Your assignment: Copy the lines below exactly, starting at the one with "Narrow Side Table, Slim" and ending at the one with "WV license plate 1AB880", and leave out any picture.

Given data:
####

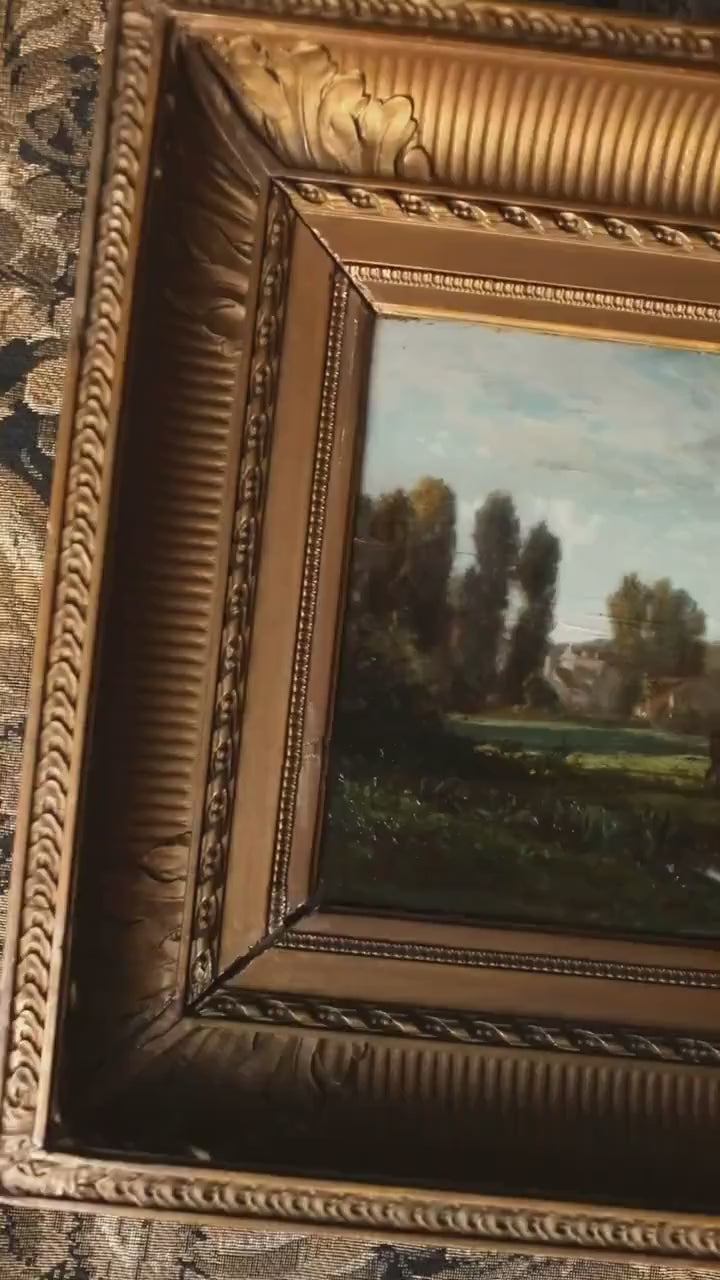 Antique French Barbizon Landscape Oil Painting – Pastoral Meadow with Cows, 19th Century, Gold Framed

####

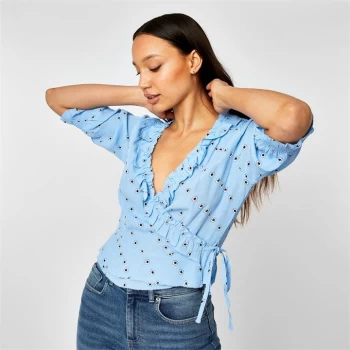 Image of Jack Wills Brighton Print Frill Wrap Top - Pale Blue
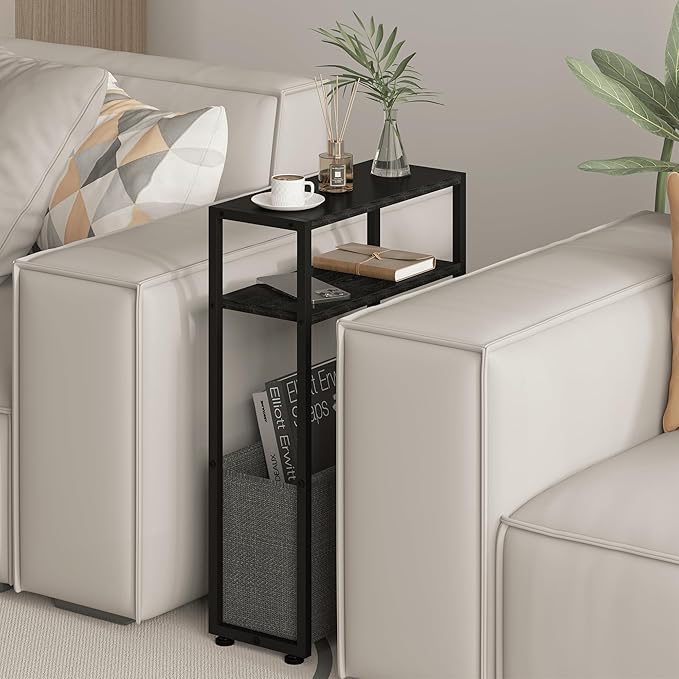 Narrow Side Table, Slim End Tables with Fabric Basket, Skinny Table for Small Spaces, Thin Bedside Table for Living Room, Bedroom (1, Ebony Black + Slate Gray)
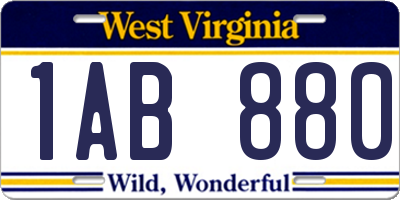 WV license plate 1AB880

####

Written answer:
 Narrow Side Table, Slim End Tables with Fabric Basket, Skinny Table for Small Spaces, Thin Bedside Table for Living Room, Bedroom (1, Ebony Black + Slate Gray)
 WV license plate 1AB880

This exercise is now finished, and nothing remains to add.